What is needed.
Each entry below should be given again exactly; the pictures stay out.

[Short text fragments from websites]
*** Block opens ***

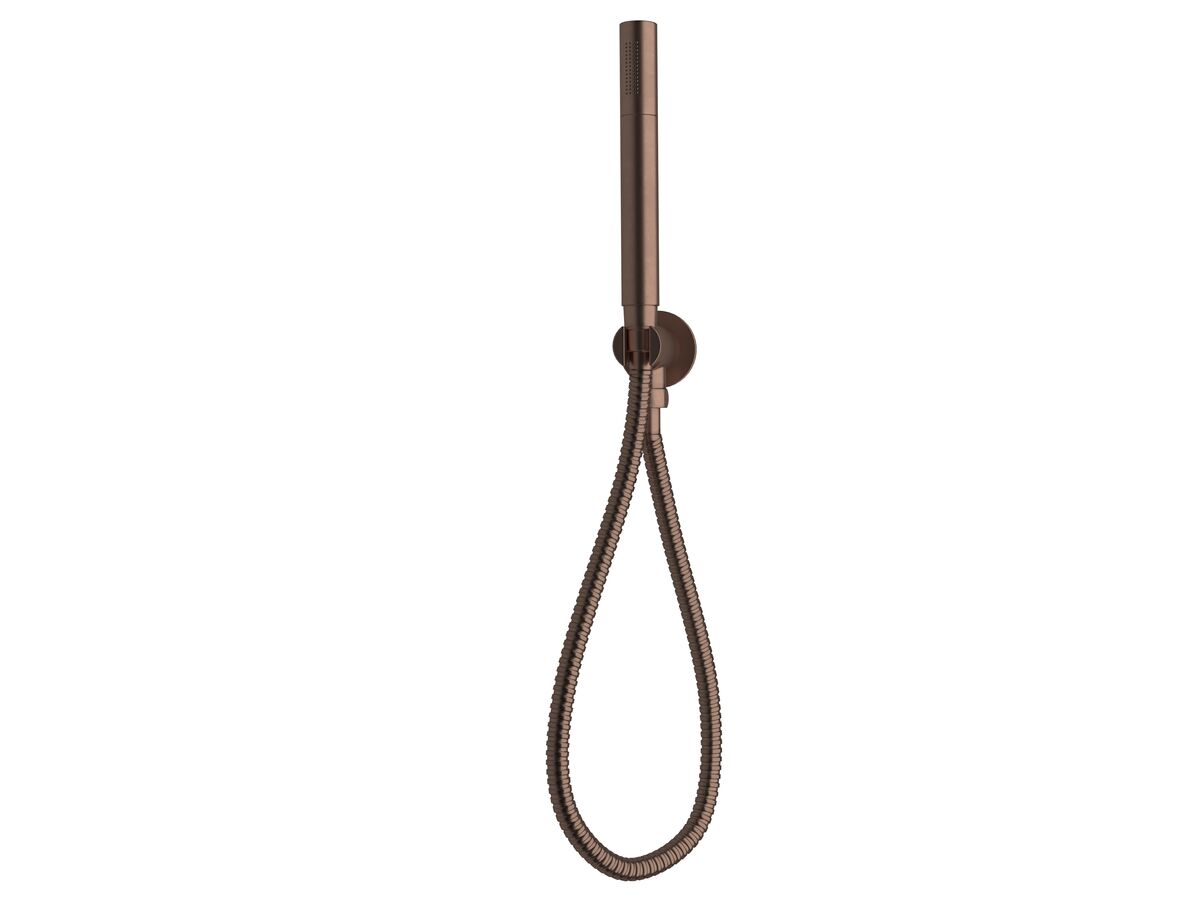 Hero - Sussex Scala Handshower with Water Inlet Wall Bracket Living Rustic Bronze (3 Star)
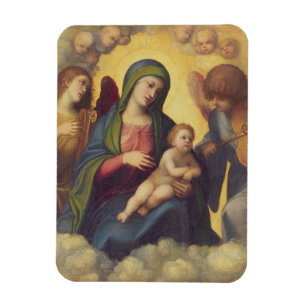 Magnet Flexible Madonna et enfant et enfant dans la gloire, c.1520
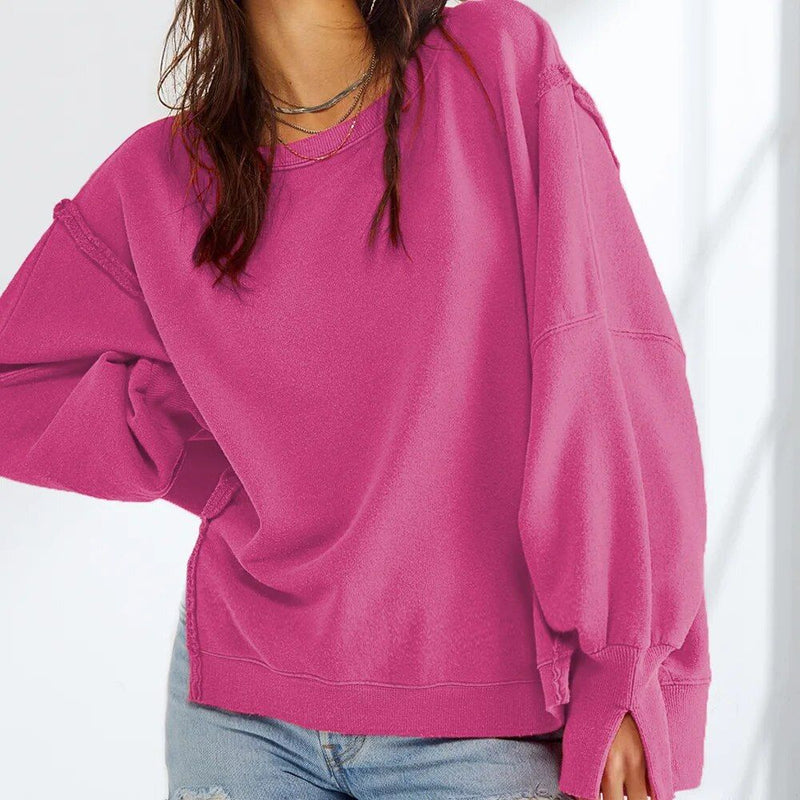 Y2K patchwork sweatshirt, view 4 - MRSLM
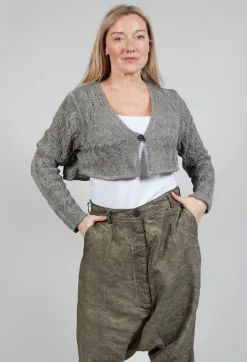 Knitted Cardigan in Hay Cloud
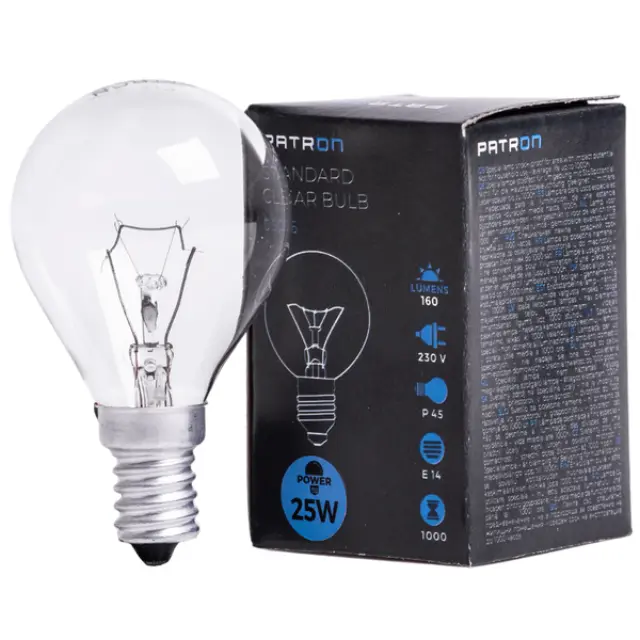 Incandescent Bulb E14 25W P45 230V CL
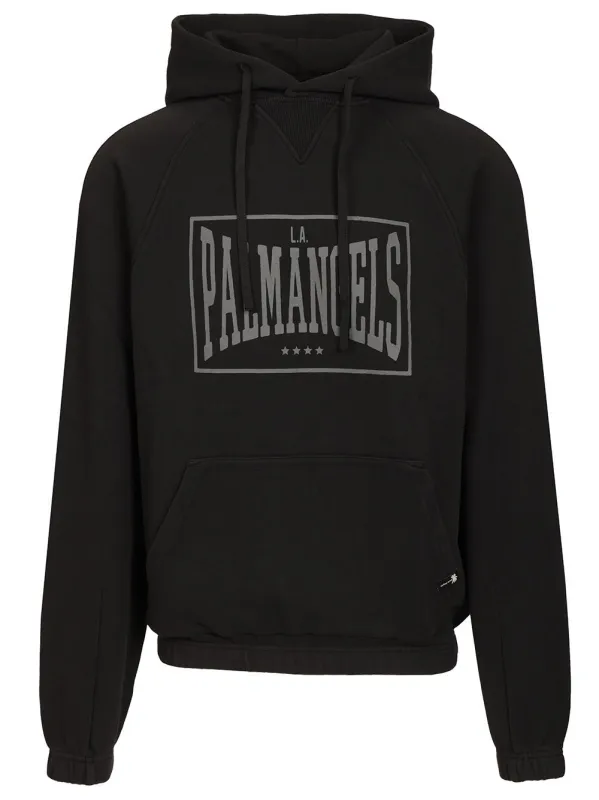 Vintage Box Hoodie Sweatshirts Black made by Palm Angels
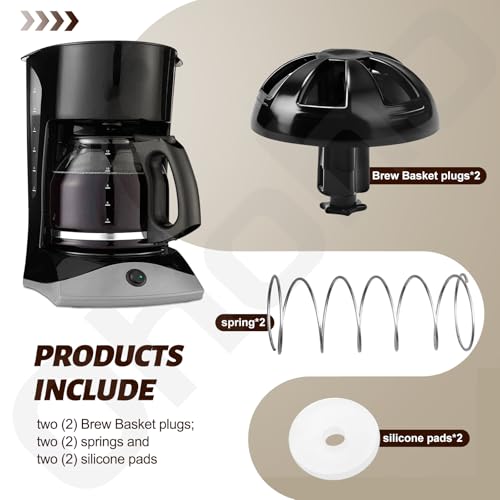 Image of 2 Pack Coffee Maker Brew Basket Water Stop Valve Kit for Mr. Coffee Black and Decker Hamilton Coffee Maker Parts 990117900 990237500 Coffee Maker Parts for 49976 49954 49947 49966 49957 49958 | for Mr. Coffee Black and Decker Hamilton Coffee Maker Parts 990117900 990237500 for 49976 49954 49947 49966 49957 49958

*** Block closes ***

Exercise response.
 Hero - Sussex Scala Handshower with Water Inlet Wall Bracket Living Rustic Bronze (3 Star)
 Magnet Flexible Madonna et enfant et enfant dans la gloire, c.1520
 Y2K patchwork sweatshirt, view 4 - MRSLM
 Knitted Cardigan in Hay Cloud
 Incandescent Bulb E14 25W P45 230V CL
 Vintage Box Hoodie Sweatshirts Black made by Palm Angels
 Image of 2 Pack Coffee Maker Brew Basket Water Stop Valve Kit for Mr. Coffee Black and Decker Hamilton Coffee Maker Parts 990117900 990237500 Coffee Maker Parts for 49976 49954 49947 49966 49957 49958 | for Mr. Coffee Black and Decker Hamilton Coffee Maker Parts 990117900 990237500 for 49976 49954 49947 49966 49957 49958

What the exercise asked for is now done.